Even when others, including the law, their spouses or their
victims (in some cases the same things) do hold them accountable, in their
minds they are the victims of forces over which they believe they have no
control. Thus, they are also blameless
victims, no matter the cost to others.
The hormones, the impulses, the fates themselves have determined the
outcomes, and the "addict" is just another victim.
It is useful to notice the circularity of the above
argument, which can be summarized easily in the following statement: "An irresistible impulse is an impulse
one chooses not to resist". How do
you know an impulse was the result of an irresistible addiction? Because you
didn't resist it. Could you have
resisted it?

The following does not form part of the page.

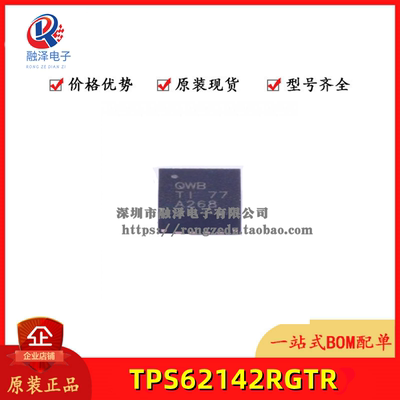 全新原装TPS62142RGTR/TPS62142RGTT/TPS62143RGTR直流开关调节器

If you claim you could not, you claim it because you did not. Have you ever had an impulse belonging to
your addiction that you did resist? Then
you can resist it. You can't have it
both ways. If the impulse is
irresistible, there is nothing to resist and no point in trying. If it can be resisted, then resist it.

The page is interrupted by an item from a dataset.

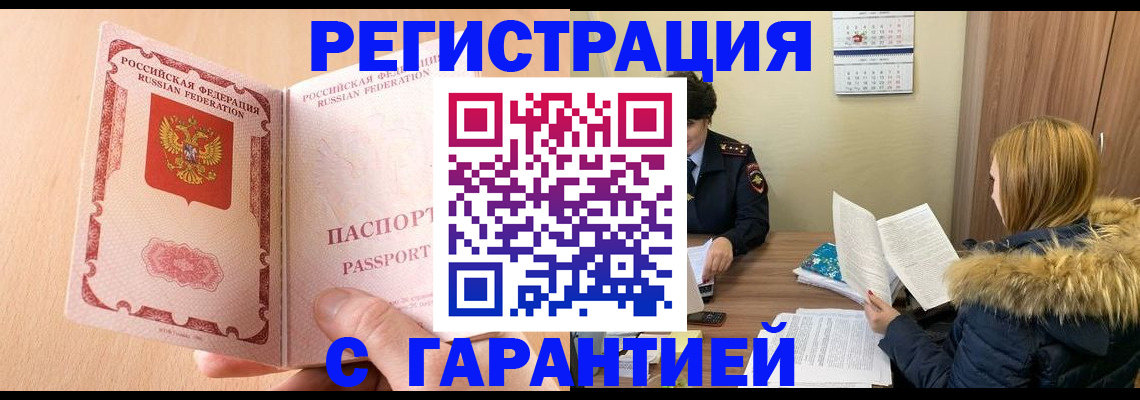 временная регистрация адрес в Калачинске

With such logic you can do anything you like, claim that you
didn't like it but couldn't help it, and
reap the benefits (such as they are) of being an irresponsible child who is at
the same time immune from consequences and punishment. The world in which "addicts" live
is uncivilized, animalistic, brutal and exploitive. How can it be otherwise? They "can't
help it".
This is an unworkable model for a civilized world. Quite apart from whether or not addiction is a valid concept, a world in which
people are not considered to be in control of and accountable for their actions
is not one in which we would choose to live.
The proof of the above statement is easily tested by simply observing
and evaluating the world in which addicts live.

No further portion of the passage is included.